Toda família é feita de silêncios,
sabemos. E nesse Pequeno álbum... – e não apenas nele – os silêncios giram em
torno principalmente das mulheres. São poemas como “Eleição” – “[...] o que
ecoa mesmo/ no fundo mais fundo da alma/ são as palavras-lâminas da minha mãe/ sussurradas no quarta ao lado“ –, “Centelha” – “minha mãe grávida/ de
vestido azul/ [...] // eu-menina no barranco/ aprendendo intensidades” –, “Dentro”
– “mas dentro / bem dentro de mim habita uma dor/ fina/ ancestral/ e calada”
– e principalmente “Poema para os olhos de minha mãe”, que merece ser citado
por inteiro:
minha avó materna não deixou
fotografias
morreu de parto
numa manhã de inverno
aos trinta e seus anos de idade
em sua própria cama
dizem que era bela
com seus cabelos negros
e o olhar azul profundo
a espiar o tempo
minha avó materna era judia
como sua mãe, a mãe de sua mãe
a mãe da sua mãe de sua mãe
e sua filha
como a filha de sua filha
e a filha da filha de sua filha
dizem que era forte
com seu corpo esguio
atravessando vales
a desafiar a sina
minha avó materna não nos legou
seu sobrenome hebreu
pois o perdera antes mesmo de
nascer
também jamais lhe escutaram
pronunciar a língua
nenhuma carta, nenhuma joia,
nenhum caderno de receitas
nenhuma velha torá no fundo falso
de um baú
nenhuma fotografia
somente a ausência
seu sangue antigo em nossas veias
e uma dor quieta
e infinita
nos olhos ternos de minha mãe
Neste
poema se apresenta sem meias tintas o testemunho ao mesmo tempo familiar e
coletivo de que falo: a ausência silenciosa e sem fotos, sem nome, sem torá,
sem língua, sem carta, sem joia, sem caderno de receitas; e o segredo que essa
ausência silenciosa produz “nos olhos ternos de minha mãe”. Ausência-presença,
pois sua atmosfera a anuncia a todo momento pelo livro nas fotografias de um
vestido sobre a cerca, de uma mulher desfocada do balanço em meio à mata e
outra desfocada por um enquadramento dentro do quadro.
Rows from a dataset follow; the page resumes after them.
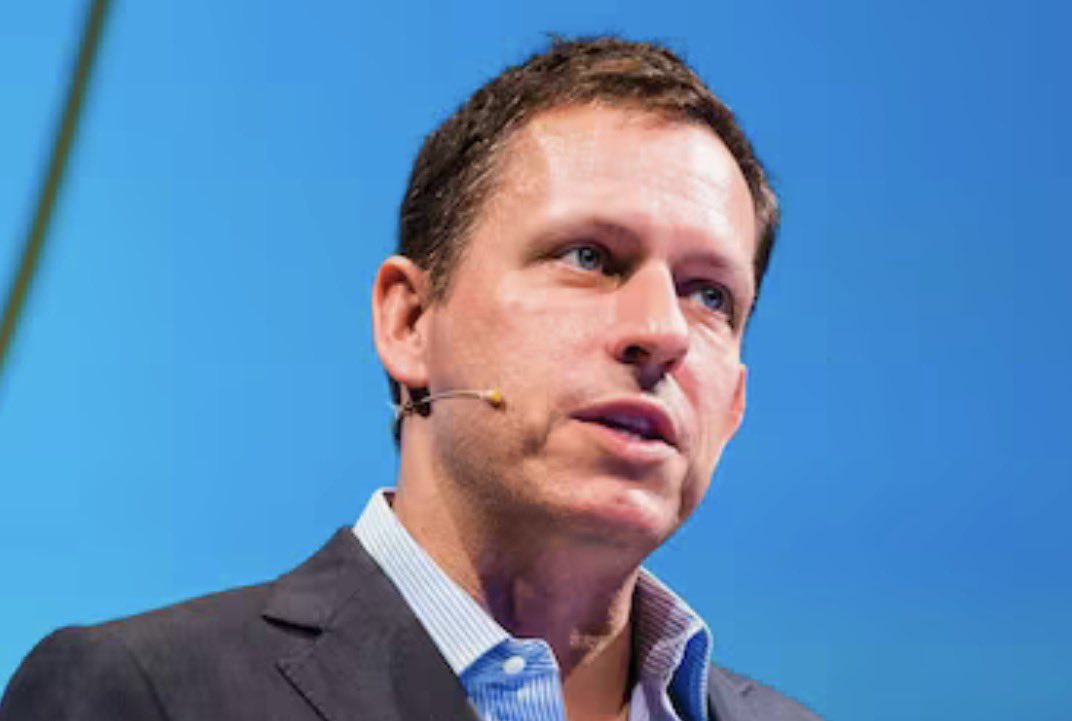 La Estratega tweet media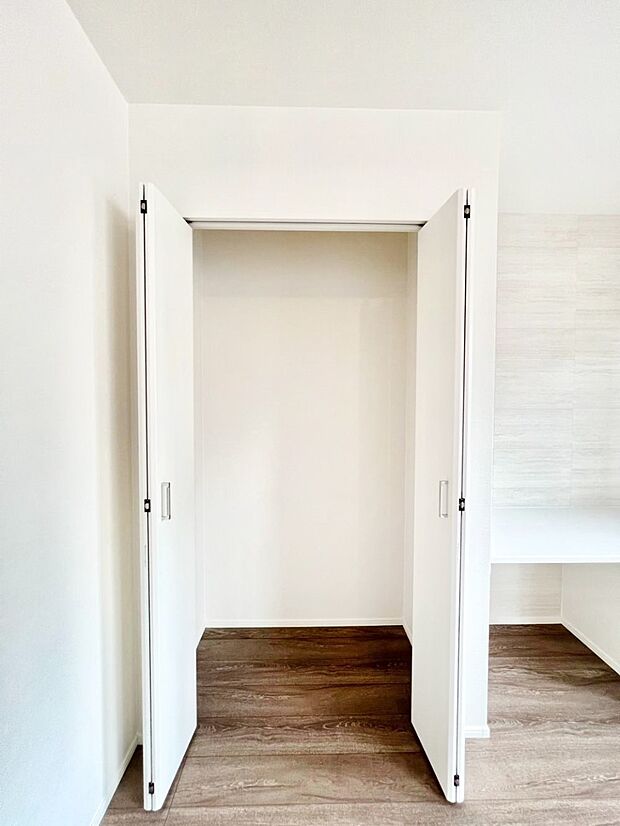 【リビング収納】リビング収納。ここに収納があると物が集まるLDKがスッキリ片付きそうですね。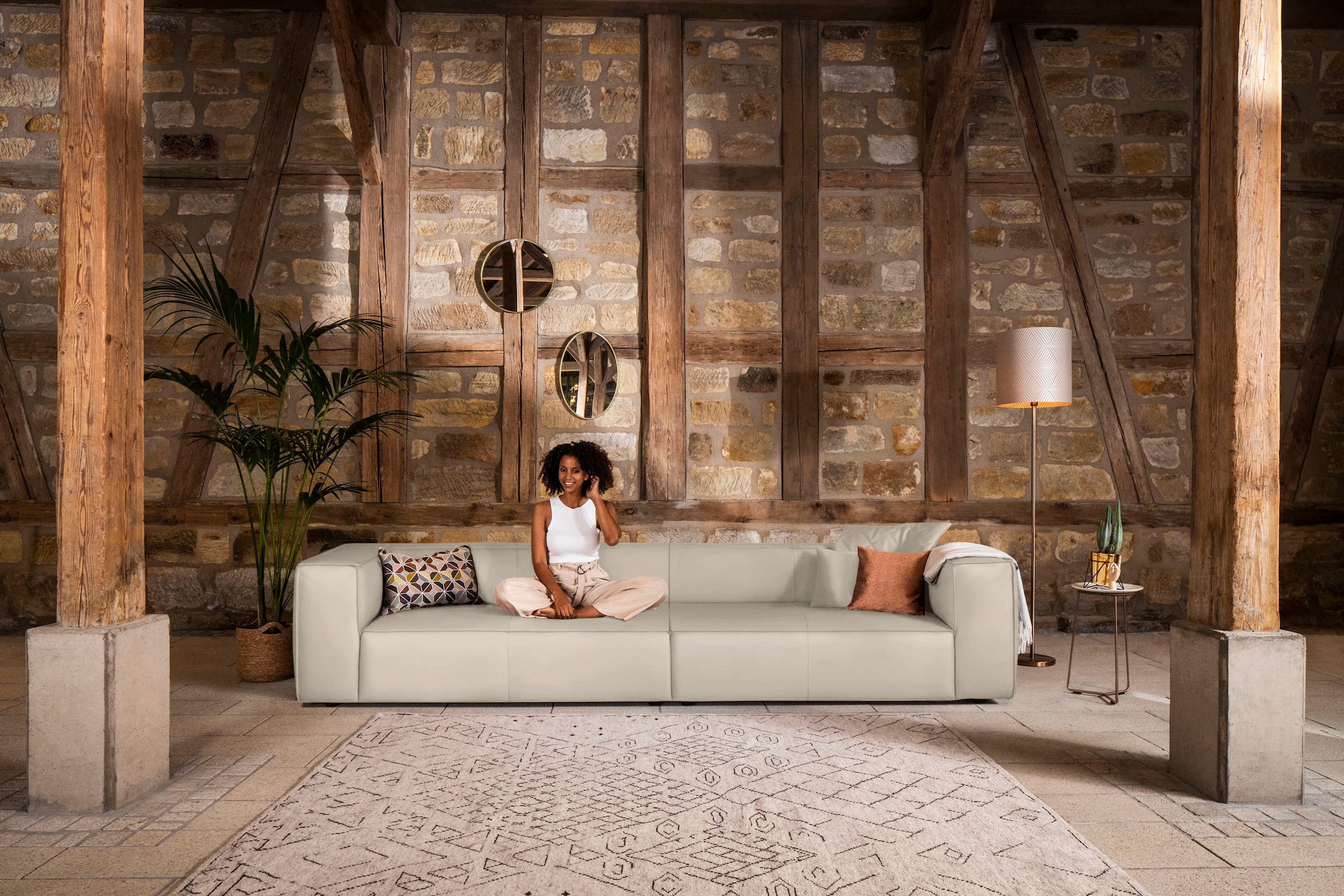 W.SCHILLIG 4-Sitzer "around-the-block Mega Sofa, viel Platz, Breite 300cm, bequem" mit eleganter Biese, mit Federkern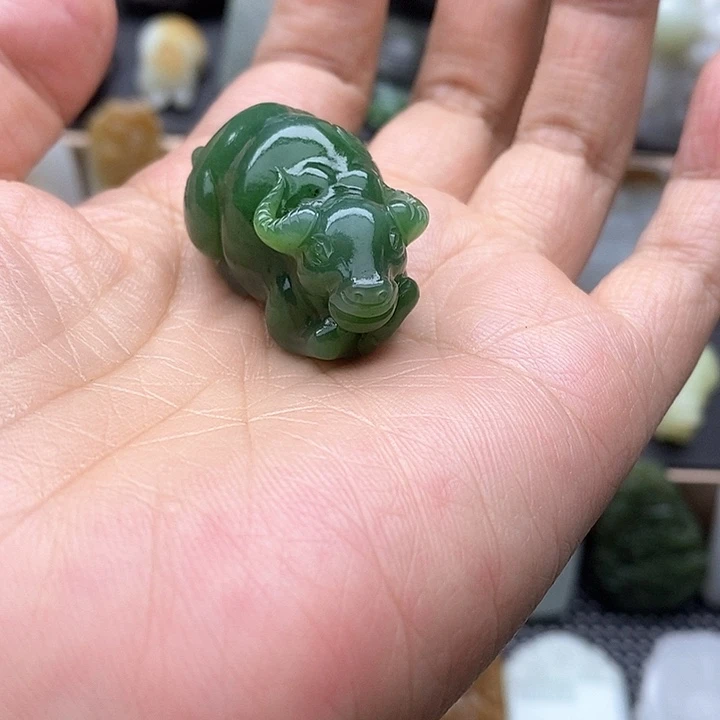 未镶嵌和田玉（糖玉）挂件认*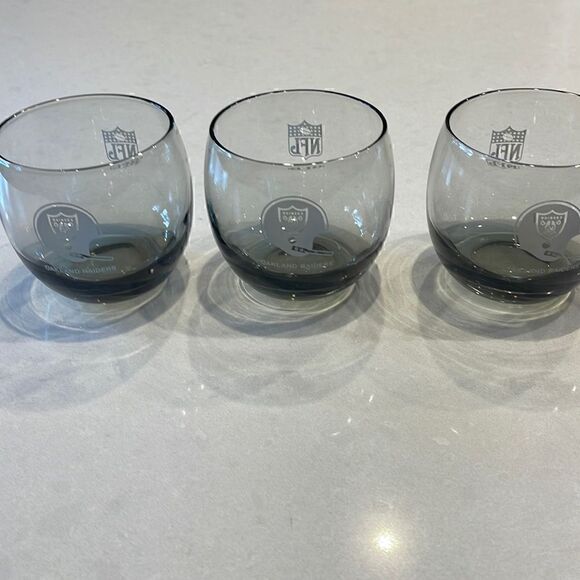 NFL, Oakland raiders vintage glassware 3 glasses sold in a set, great gift. - Picture 1 of 8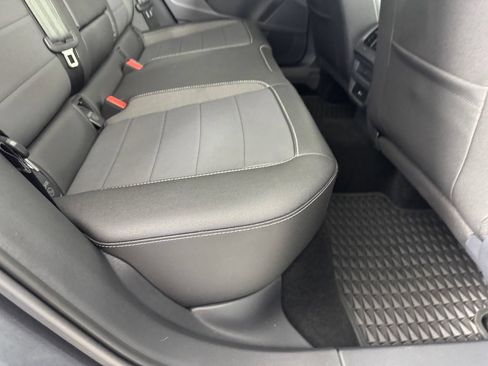 Used 2024 Volkswagen Taos SE w/ Panoramic Sunroof Package FWD image 29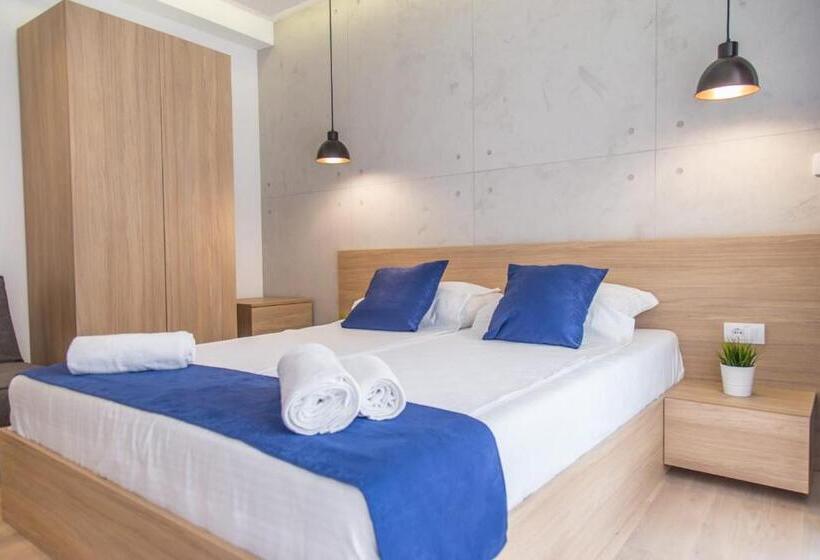 اتاق استاندارد با بالکن, Empire Luxury Apartments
É dessa ausência que
esse livro se faz presente, o que me leva a pensar também nas mãos envelhecidas,
de veias salientes, como mãos de mulheres. Como as que escreveram esses textos
e fotografaram essas imagens feito testemunhos.
Assim
como essas e outras fotos dizem muito sem mostrar tudo, tal como nos detalhes
das asas de uma mariposa (ou libélula?), vários poemas mostram muito sem dizer
tudo, reforçando o testemunho dessa ausência-presença que é do segredo e do
silêncio. Em “Sobre o que dói” se lê: “o menino sírio encontrado morto na praia
/ o olhar da moça vendendo paçoca no sinal / a loucura do meu irmão / a
cicatriz atravessando meu ventre”; em “Do lugar”, se lê: “havia o rio / os
morros / a pracinha / a igreja encravada no monte / a sorveteria da esquina / a
casa da tia marita”. Muitos poemas falam do olhar, talvez porque a crueza
icônica da imagem fotográfica, quando descrita pelas palavras, perca muito da
sua evidência e produza algum efeito de segredo, um “Sinal” incerto: “seis
horas da tarde / a moça atrás do vidro teme o perigo / seis horas da tarde / a
criança através do vidro é o perigo / seis horas da tarde / ave maria ave maria
ave maria”. No subentendido “sinal” da cruz, a sugestão de um segredo que é signo,
palavra e poesia do poema. Testemunha-se sempre o silêncio de alguma dor inominada.
Leiamos “Artifício”:
abri um buraco no meu ventre
escavei fundo
com minhas próprias unhas
todos os dias
cinzelo suas formas
faço da dor
minha única arte
há uma rosa escarlate
sob meu vestido
e dentro do meu silêncio
mora um grito
Os poemas e as fotografias de Pequeno
álbum de silêncios acabam por ser artifícios para testemunhar aquilo que é
intestemunhável e necessita desses restos possíveis de palavras e imagens. Esse
é o grande e perverso truque dos nossos tempos: normalizar no cotidiano pessoal
experiências brutais e incompartilháveis, que calam fundo. E só pelo artifício
da arte, a atmosfera desse terror cotidiano da contemporaneidade se faz
presente e coletiva. O que também explica de certo modo este livro ser a quatro
mãos. Ou mesmo muitas outras – (in)visíveis e (inter)ditas.